You can always tell what the BBC line is on any subject by seeing what they don’t report and of course what they do carefully select to highlight.
‘….the comments of Mervyn King, the governor of the Bank of England at the launch of the Bank’s quarterly inflation report. Environmental policies it seems are an “own-goal”.
Sir Mervyn blamed the Government for the overshoot, claiming that the Coalition had scored an “own goal” by damaging household incomes with a range of environmental and education policies that have pushed up energy bills and tuition fees.
He said: “It’s a bit of an own goal as it looks as if inflation is worse without any change in the underlying behaviour of the economy. And clearly the attempt to put up prices charged by utilities – to pay for green charges, green policies – are pushing up administered prices in a way that [is] … self inflicted in terms of damage done to real take home pay.”
The BBC miss out the ‘environmental costs of green policies’ paragraph and skip to the next one, happy to highlight the government scoring an ‘own goal’ for its economic policies reducing take home pay:
Sir Mervyn said that factors outside of the Bank’s control – increases in university tuition fees and utility bills – had added to inflation recently.

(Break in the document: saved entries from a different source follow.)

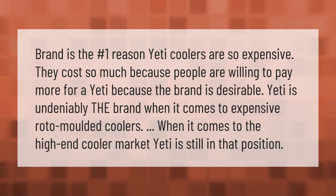Brand is the number one reason Yeti coolers are so expensive. They cost so much because people are willing to pay more for a Yeti because the brand is desirable. Yeti is undeniably the brand when it comes to expensive roto-molded coolers, and in the high-end cooler market, Yeti is still in that position.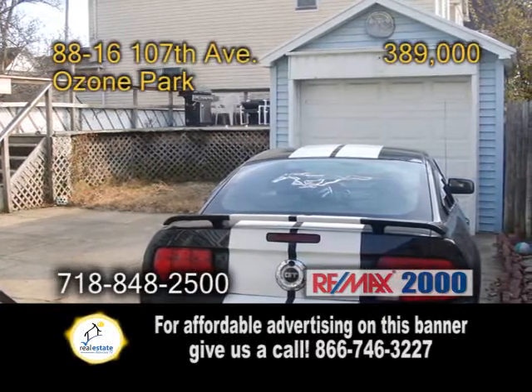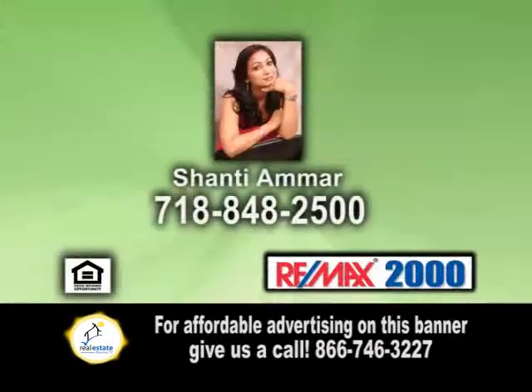For more details or to get your home featured on RE-MAX Real Estate Showcase TV, give Shantae Amar a call.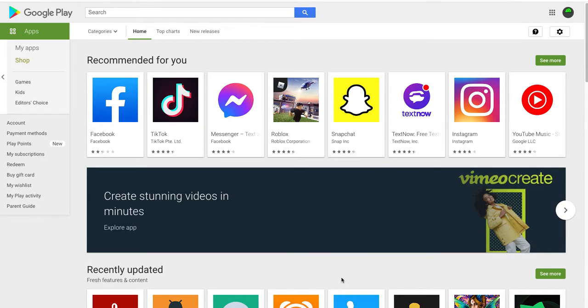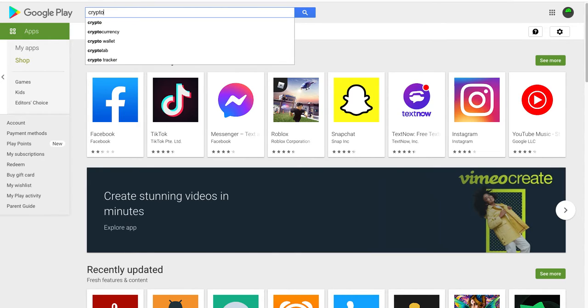Welcome to another exciting video. We did another video this morning talking about adoption, and part of adoption is giving people the ability to buy and sell crypto. We thought it would be interesting if we actually counted up how many apps there are in the Google Play Store. We're going to do a quick search on the word 'crypto' and just see what happens - I haven't pre-done this, so let's just see.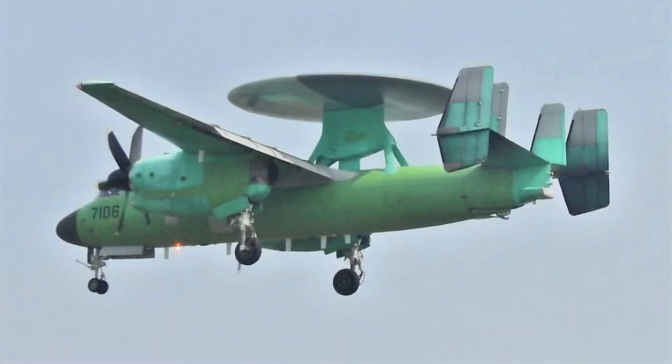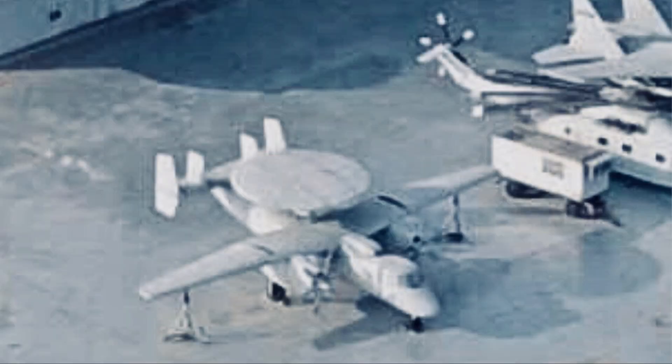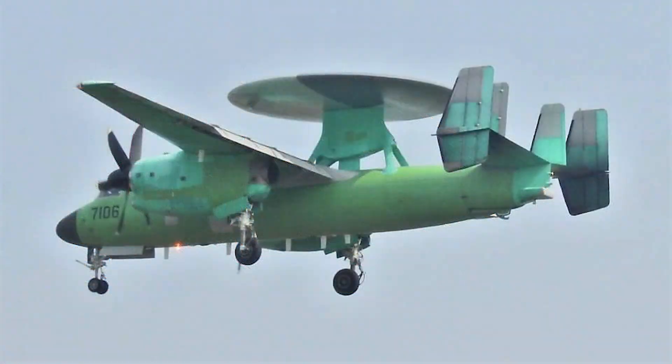The best quality photo of the Chinese KJ-600 aircraft has surfaced online. This plane is the first and only carrier-borne early warning aircraft designed and built by the Chinese. It is believed it will soon be deployed to the Type 003 Fujian aircraft carrier. The photo shows details never seen before.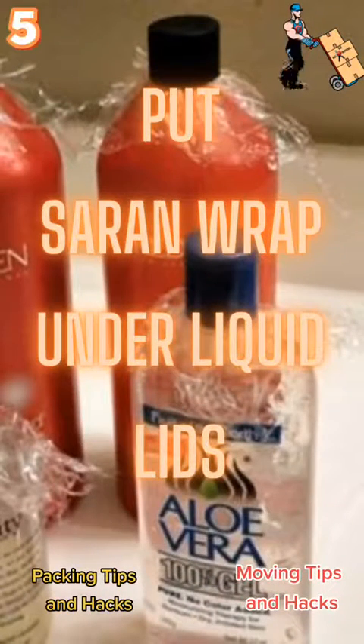Moving tip number 5: when you're packing liquids, put a sheet of saran wrap or shrink wrap underneath the lids and then screw them back on. This will help prevent spills while you're moving.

“If you like, it is a bit of a self-inflicted goal in terms of the damage done to real take-home pay, perhaps another way of trying to implement fiscal consolidation through moving up the price level,” he said.
And whilst reporting this:
Although economic output has been broadly flat for the past two years, Sir Mervyn said that masked “a more encouraging underlying picture”.
Manufacturing and services – which make up the bulk of the economy – had grown during 2012, seeing a similar performance to that in the US and considerably stronger than in Japan and the eurozone, he said.
They do not give the figures…which say that growth for 2012 was 1.2%….just below the US 1.5%….despite its massive stimulus, Labour like Plan B, spending!
I imagine they prefer you to think along the lines of a measily 0.3% or some such figure…they certainly aren’t going to give the government an inch on good news.
Curious what catches the eye of a BBC journalist. And what gets suppressed. The massive inflation in fuel prices cause by green policy is surely something of importance and something that should be discussed. But that would rasie all sorts of awkward questions not just about the ‘renewables’ policies but about the cause iof it as well…ie ‘global warming…man made or not?’ for instance.